• **How to complete this task**: Write out exactly the lines of the entries below from the one holding "This saris is" to the one holding "Here are the", inclusive, and leave out all other lines.

• **Dataset entries**:
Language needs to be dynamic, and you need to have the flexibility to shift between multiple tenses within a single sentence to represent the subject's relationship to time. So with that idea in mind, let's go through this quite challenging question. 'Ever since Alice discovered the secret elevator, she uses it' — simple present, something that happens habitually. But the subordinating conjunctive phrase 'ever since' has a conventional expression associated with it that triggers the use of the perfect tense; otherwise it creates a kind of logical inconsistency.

==

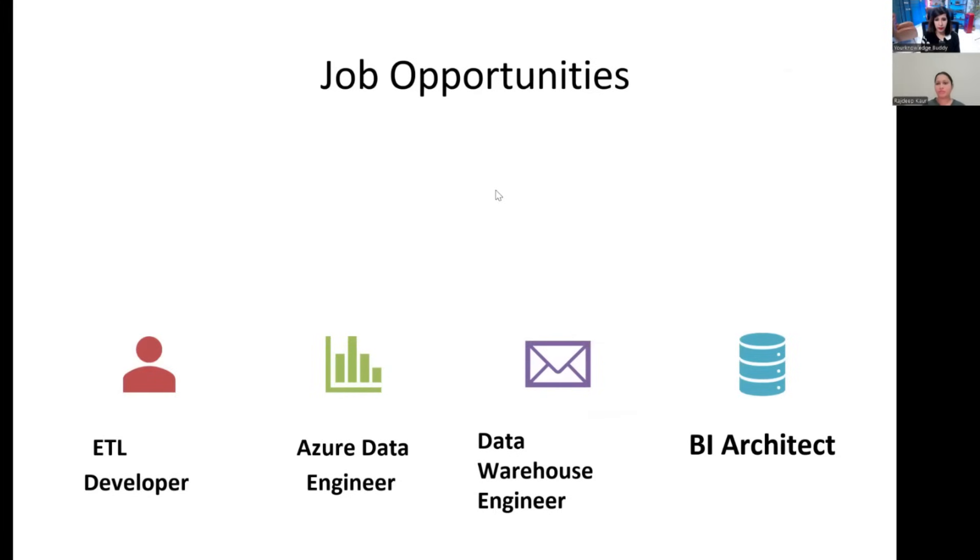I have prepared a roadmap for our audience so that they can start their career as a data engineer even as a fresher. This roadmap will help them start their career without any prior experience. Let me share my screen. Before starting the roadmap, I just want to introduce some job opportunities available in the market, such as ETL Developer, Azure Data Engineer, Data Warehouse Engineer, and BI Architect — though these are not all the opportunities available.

==

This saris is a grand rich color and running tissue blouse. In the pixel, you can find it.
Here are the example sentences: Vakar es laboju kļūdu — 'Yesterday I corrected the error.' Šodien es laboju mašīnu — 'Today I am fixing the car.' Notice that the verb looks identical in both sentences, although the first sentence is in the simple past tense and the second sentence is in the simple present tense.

• **Expected answer**:
This saris is a grand rich color and running tissue blouse. In the pixel, you can find it.
Here are the example sentences: Vakar es laboju kļūdu — 'Yesterday I corrected the error.' Šodien es laboju mašīnu — 'Today I am fixing the car.' Notice that the verb looks identical in both sentences, although the first sentence is in the simple past tense and the second sentence is in the simple present tense.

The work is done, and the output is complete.